[COLLECTED DATA — start]

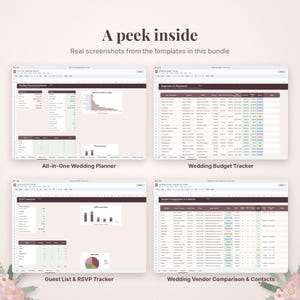 May include: Four digital spreadsheet templates for wedding planning displayed on screens. The bundle includes an All-in-One Wedding Planner, Wedding Budget Tracker, Guest List & RSVP Tracker, and Wedding Vendor Comparison & Contacts with dark headers.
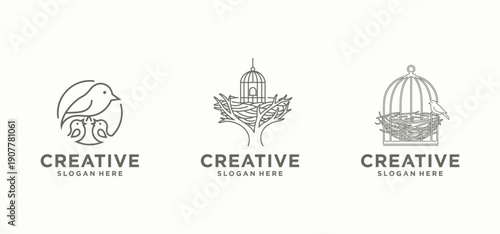 Bird Farm Logo, Strong Bird Farmer and Bird Cage Logo Design
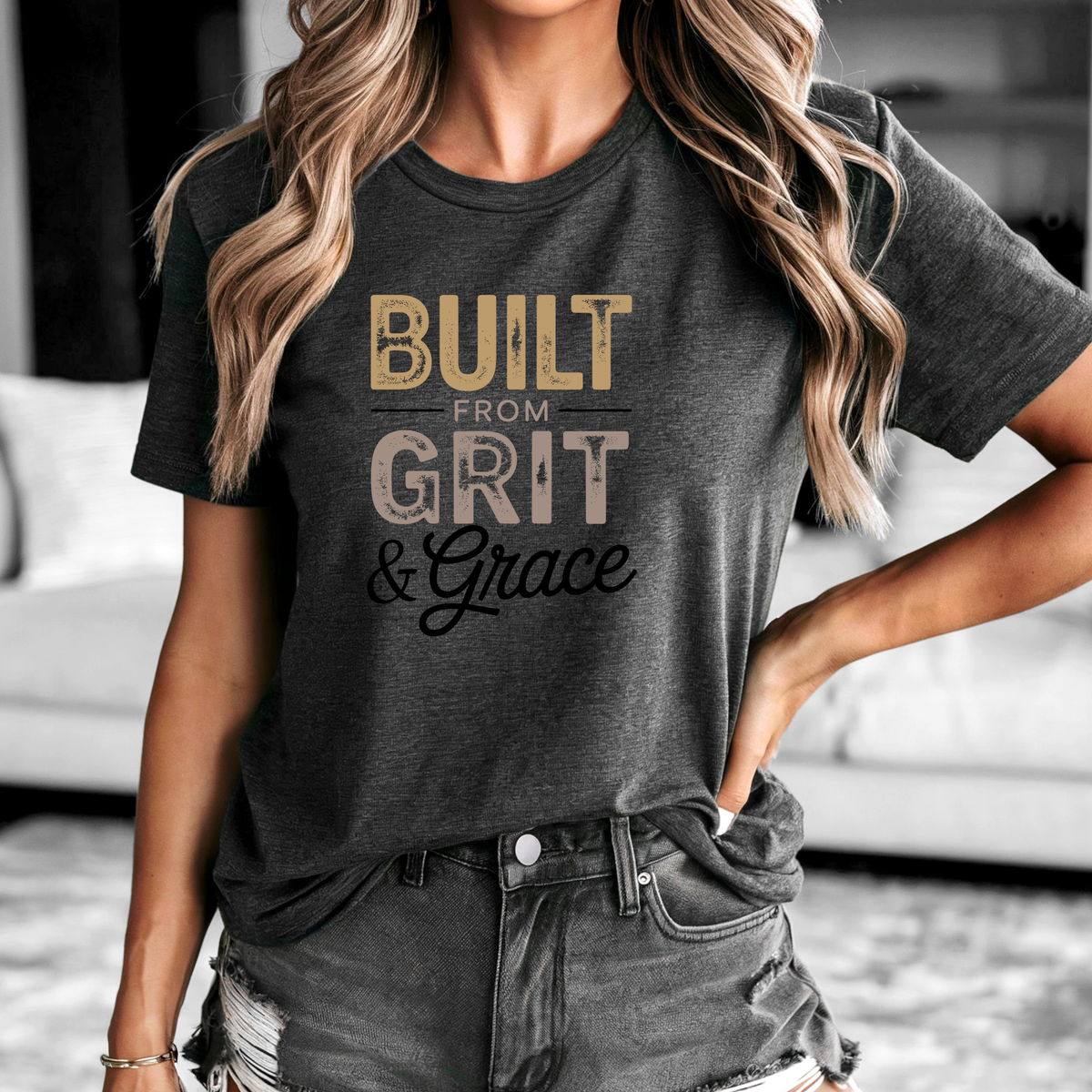 Built Grit & Grace Tee inspirational women's motivational graphic t-shirt in soft cotton blend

[COLLECTED DATA — finish]

▸ **TRY IT**
If a picture falls within the lines from the one containing "Bird Farm Logo, Strong" through the end of the material, leave it out while repeating those lines exactly.

▸ **ANSWER SPACE**
 Bird Farm Logo, Strong Bird Farmer and Bird Cage Logo Design
 Built Grit & Grace Tee inspirational women's motivational graphic t-shirt in soft cotton blend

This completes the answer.